The famous Pearson Commission on civil liability recommended the same action. Why should we wait for Europe before taking away from the Director General of Fair Trading an overall discretion of powers and giving direct power to the consumer to take action on his own behalf? That power is sadly lacking. It is necessary because the courts are so weak. Justice in this country is available through legal aid to those who have no money. Justice is available to the rich who can afford to pay for legal help. But justice is not available to a large section of our people—the middle income groups—because they cannot afford the justice that they require. As a judge said many years ago "The courts are like the Waldorf hotel—open to all."

The Government propose to remove the grants that enable ordinary citizens to obtain help from consumer advice centres. Even that avenue is to be removed. More responsibility is to be piled on to the Director General and his staff. I ask for an assurance that the Director General and his organisation will not be starved of the assistance and money that they need to do the work that has become increasingly important to the public.

The final area to which I must refer is that of the ordinary shopper and his protection—how the Director General of Fair Trading and his Department are able to help, and the limits on the help that they are able to give. I believe that a Department such as that of the Director General—indeed like a Department of State—is only as effective as its public relations allow it to be, and it is vital that the Director General should be encouraged to inform the public, with the help of the Department, of the limits as well as the powers that he possesses.

I shall take two specific examples of the way in which the public are deceived by the very existence of legislation that is much weaker than people consider it to be. First, the Unfair Contract Terms Act 1977 has a most unfortunate title. People believe that this Act protects them against unfair contracts, and that if they make a contract that is unfair they can go to some great officer of State, whether it be the Minister or the Director General of Fair Trading, who will be able to flap his wings and produce a remedy.

All of us in this House know that the Unfair Contract Terms Act is extremely limited in its application. It helps enormously where there are unfair exclusion clauses in contracts. What it does not do is protect the shopper against unfair bargains: nor does it give to the Director General or the Minister any powers to protect people against overpayment, against making bad bargains, or against buying goods in shops which they could buy much cheaper somewhere else.
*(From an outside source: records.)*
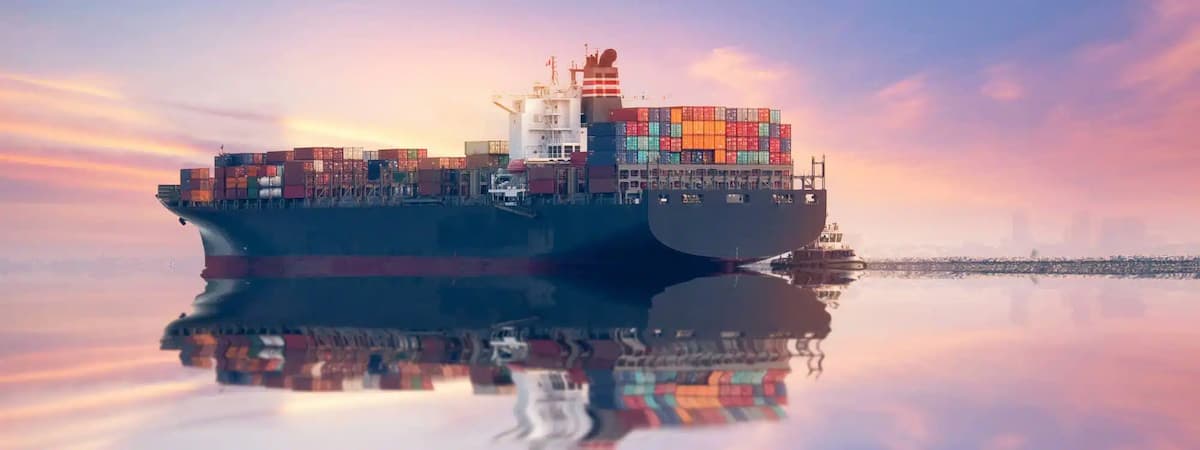 Cargo ship with containers at sunset on water.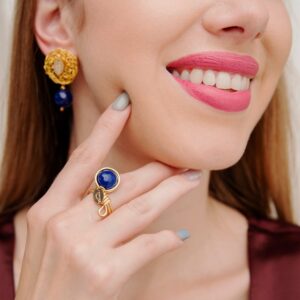 Anillo Solitario Doble Vuelta con Hilo Tex y Jade Azul 12mm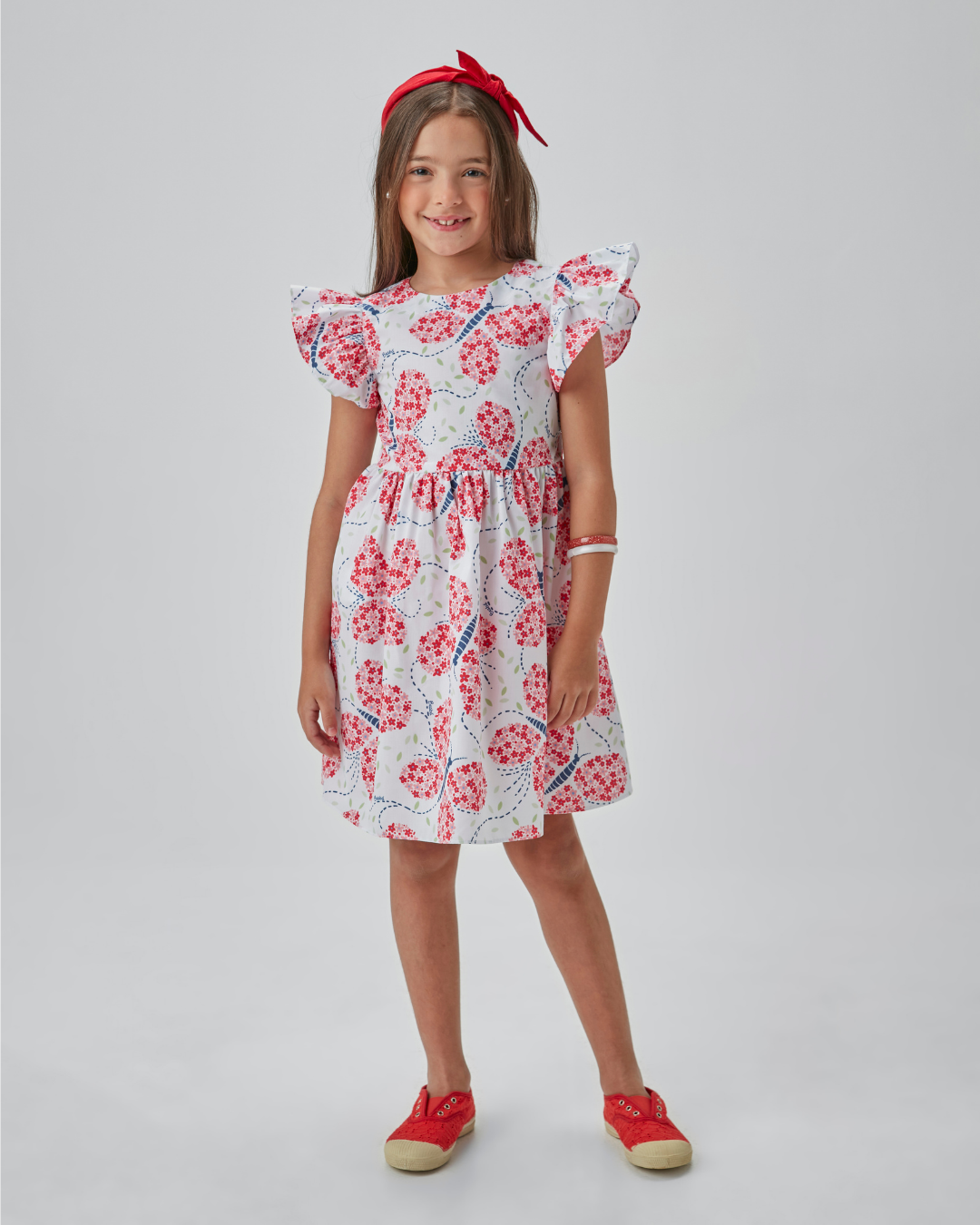 Vestido Infantil Algodão Rodado Estampado Detalhe nas Costas - Beabá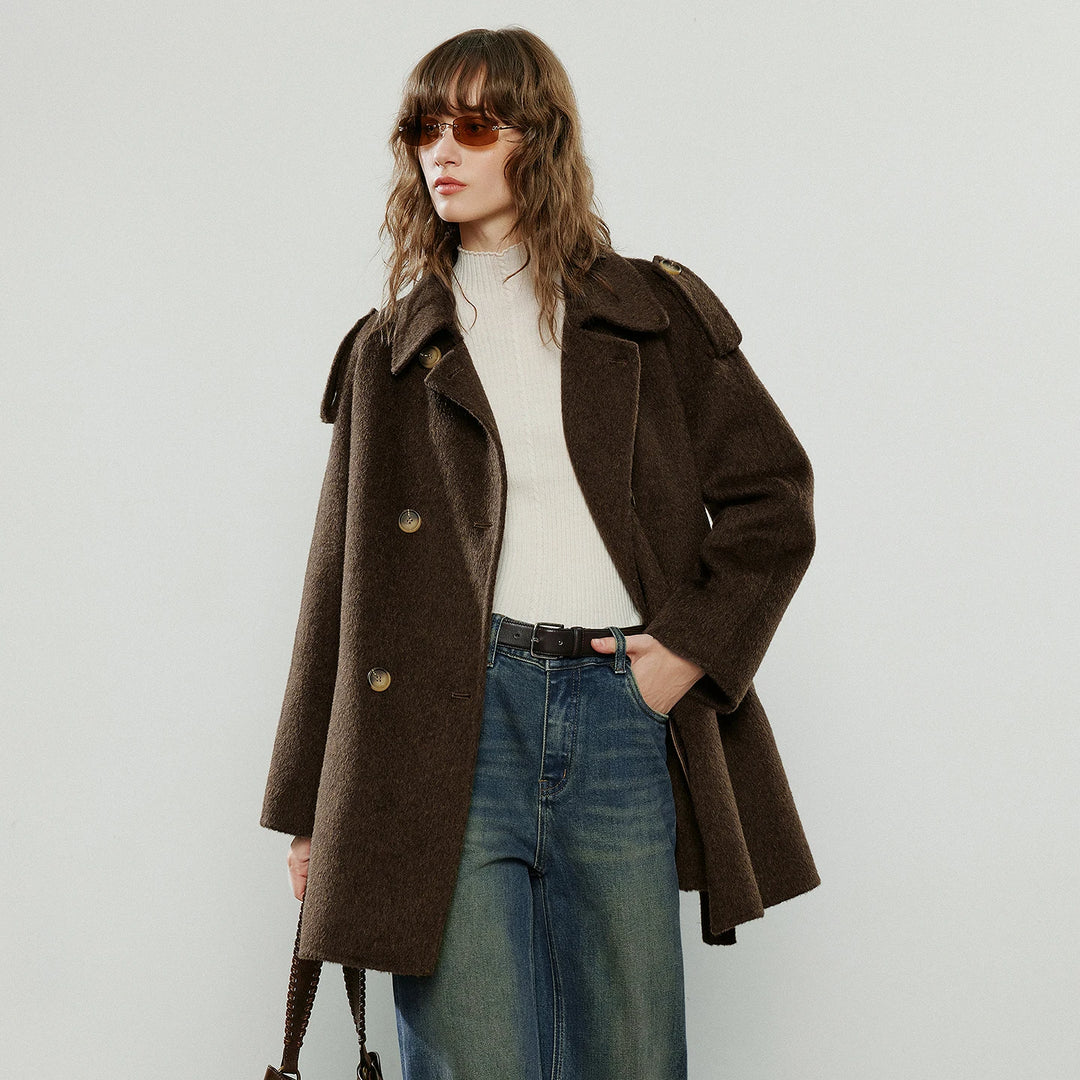 Double-Faced Wool Belted Mid-Length Coat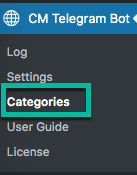 Navigation to categories - Telegram Group Bot Manager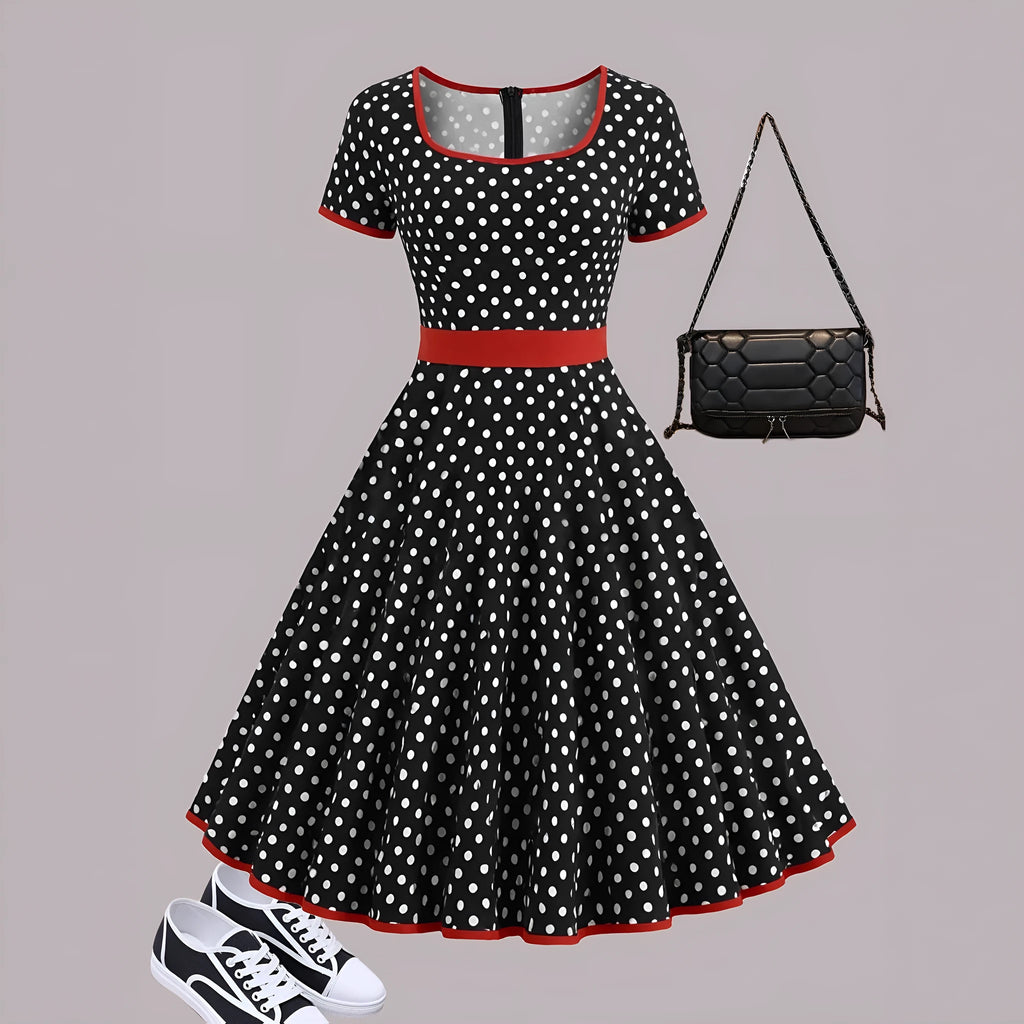 Square collar polka dot dress with pleated skirt and zip front closure in multicolour pattern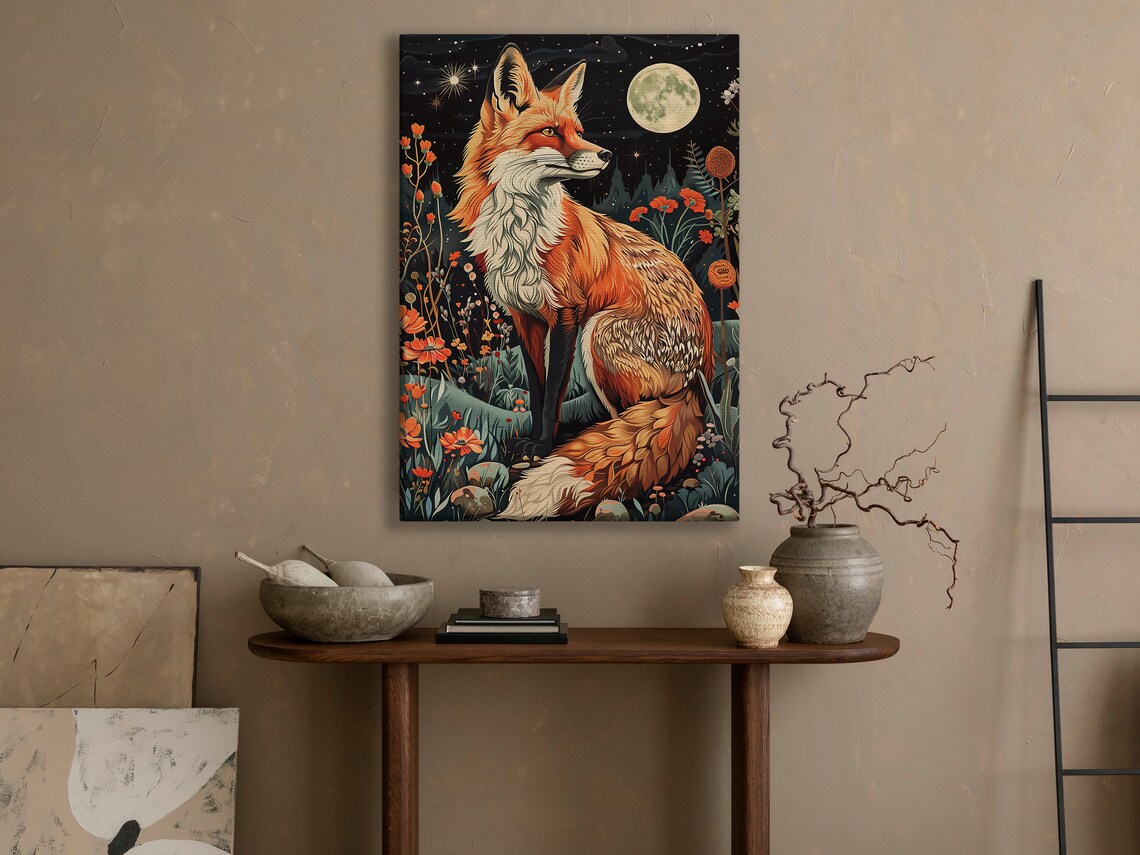 Vintage Fox and Flowers Art Print, Rustic Dark Academia - Image 4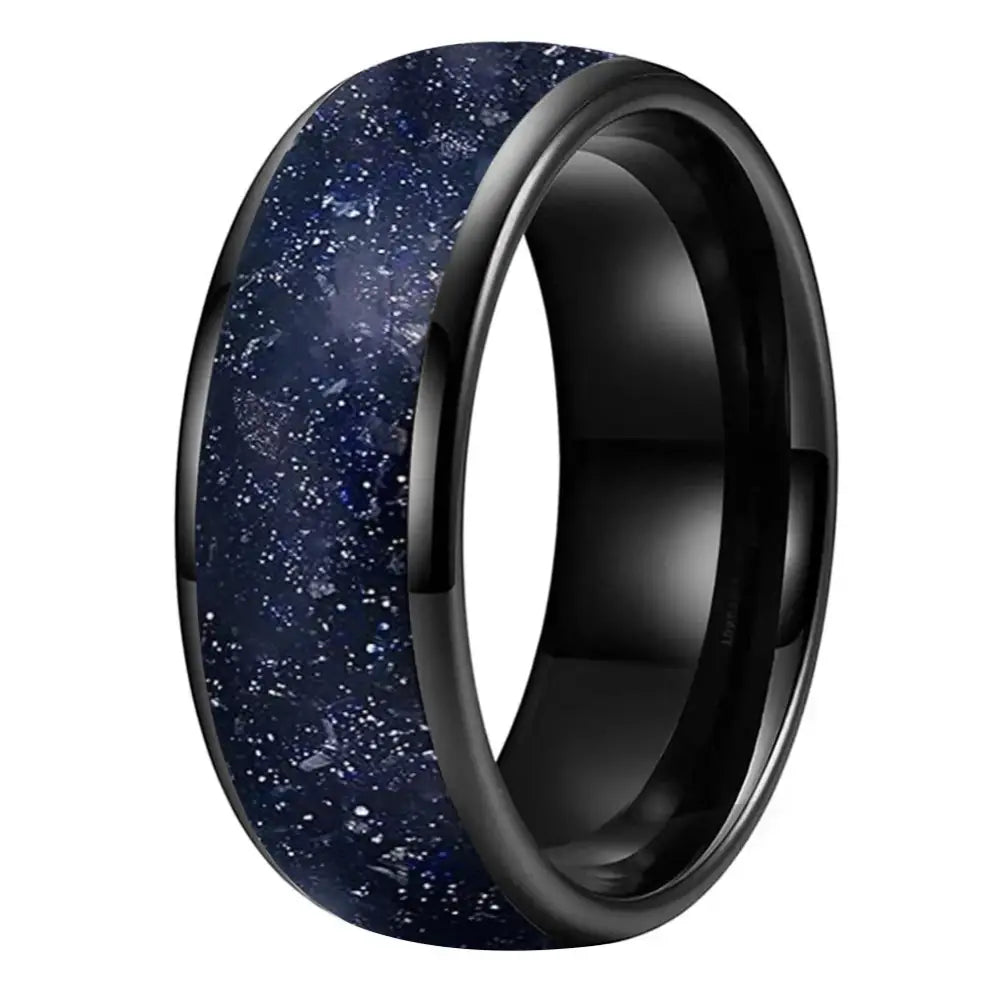 Anillo de Boda Tungsteno con Diseño Galaxy - Black Color / Width 8MM / 5.5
Particularly at this time, when people are out doing their Christmas shopping, they ought to be warned by the Director General, or by the Minister on the Director General's behalf, of the risks that they run and of the limits of the powers of authority to protect them, even today, against their own bad bargains.

The old rule used to be caveat emptor—let the buyer beware. It is sometimes said that it has now been changed to caveat vendor—let the seller beware. But in fact the balance is somewhere between the two, and the buyer must still note the limits on the powers of others to help her in her shopping. I say help "her" because, after all, it is the wife who generally does the shopping. It is the wife who shops around. It is the wife who gets berated by her husband if she pays too much. It is the wife who bears the burdens of the purchases physically, and very often it is the wife today who works and earns the money to pay for that shopping.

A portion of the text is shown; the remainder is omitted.